Computers en muziek, voor mij staat het haaks op elkaar…
“Ik ben altijd geïnteresseerd in vernieuwing, dus vond die toevoegingen fantastisch. Bij mijn dochter verliet de drummer de band en gingen ze over op een drumcomputer. Ze doorloopt vergelijkbare stappen. Maar hun band is succesvoller dan ik ooit geweest ben, en in Engeland is ze groter dan hier.”
Hoe ervaar je het succes van Pip?
“Natuurlijk heel leuk. Ik probeer hen bij te brengen om ervan te genieten, want je realiseert je pas later hoe leuk en waardevol belevenissen in je jeugdjaren waren. Natuurlijk, het is vaak hard werken om genoeg aandacht te krijgen met je band. Maar ik zeg hun: “Wat je de rest van je leven ook gaat doen, hoe vaak ga je meemaken dat elke dag een paar honderd mensen applaudisseren voor je en nog meer mensen genieten van jouw muziek? In weinig baantjes ervaar je dat. Mag je al blij zijn dat je er met een functioneringsgesprek goed afkomt.”
En verder?
“We praten heel veel over muziek. Wij als ouders weten er veel van, dus kunnen met hen meedenken. Het is fijn dat ze beiden in de muziek zitten anders gaat het toch steeds over je ene kind dat een professioneel artiest is en de andere hangt erbij.”
Zitten ze wel te wachten op jullie goedbedoelde raad?
“Soms niet. Ze pikken op waar ze wat in zien, helemaal prima. Ik probeer ze natuurlijk vanuit mijn professie op te zadelen met nieuwe techniek, bouw de apps voor hen. Vaak vinden ze het niks wat ik bedenk, maar soms ineens wel handig. Zo heb ik een tourmanager-app gemaakt, waardoor ze beter georganiseerd zijn dan met die ouderwetse draaiboeken.

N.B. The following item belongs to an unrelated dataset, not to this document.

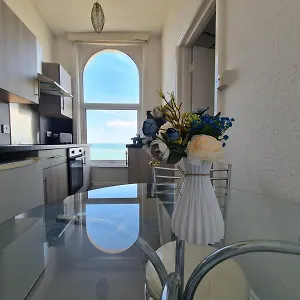 https://farina-apartments.yorkshirehotels.net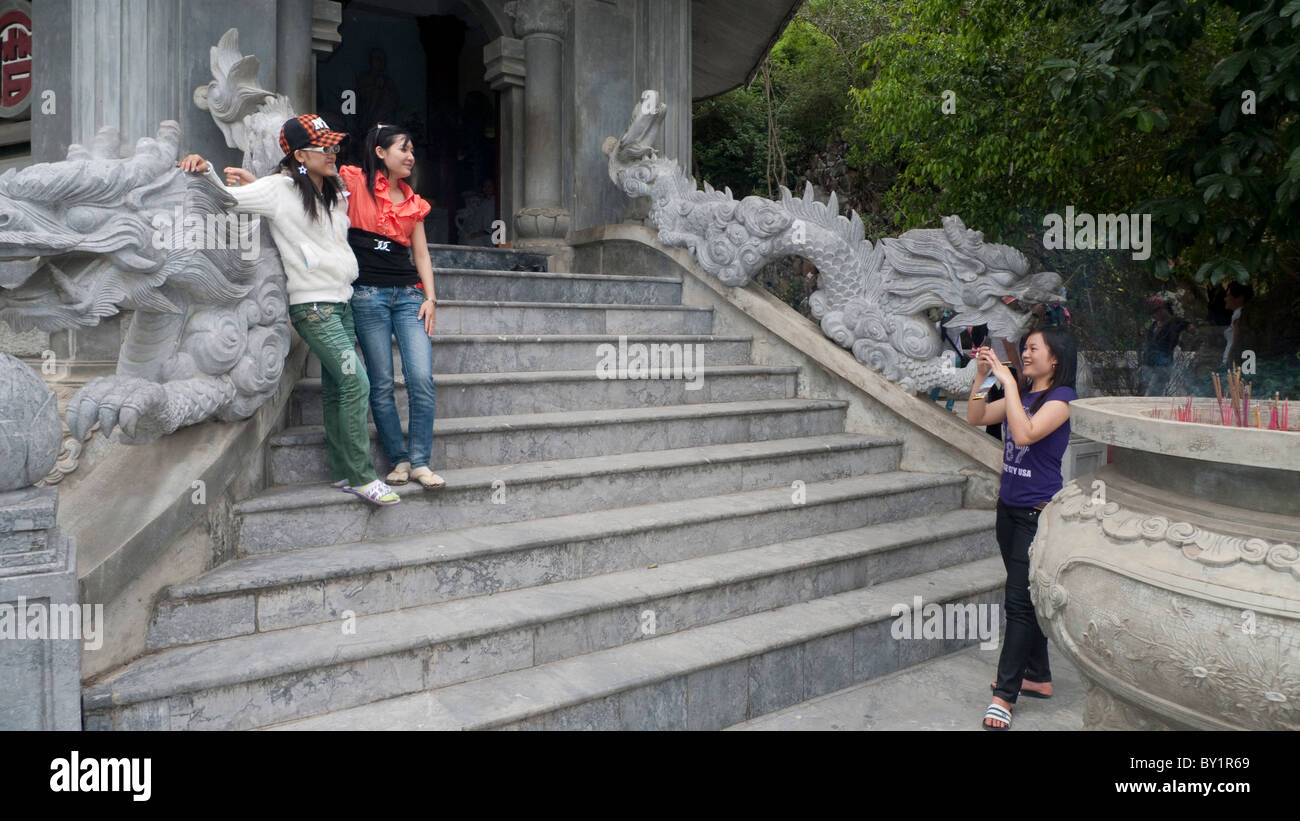 Lokale Touristen fotografieren einander vor einer Höhle Tempel, Marble Mountain Danag, Vietnam Stockfoto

Net heb ik een bonnetjescan-app gemaakt, want boekhouding hangt er natuurlijk bij. Alle scans van bonnen worden met AI geanalyseerd en komen in een spreadsheet.”
En muziek en AI?
“In die apps zit deels AI, maar muziek genereren met AI vind ik niet zo boeiend. Ik ben er niet tegen, maar heb weinig met een heel nummer laten maken via een prompt.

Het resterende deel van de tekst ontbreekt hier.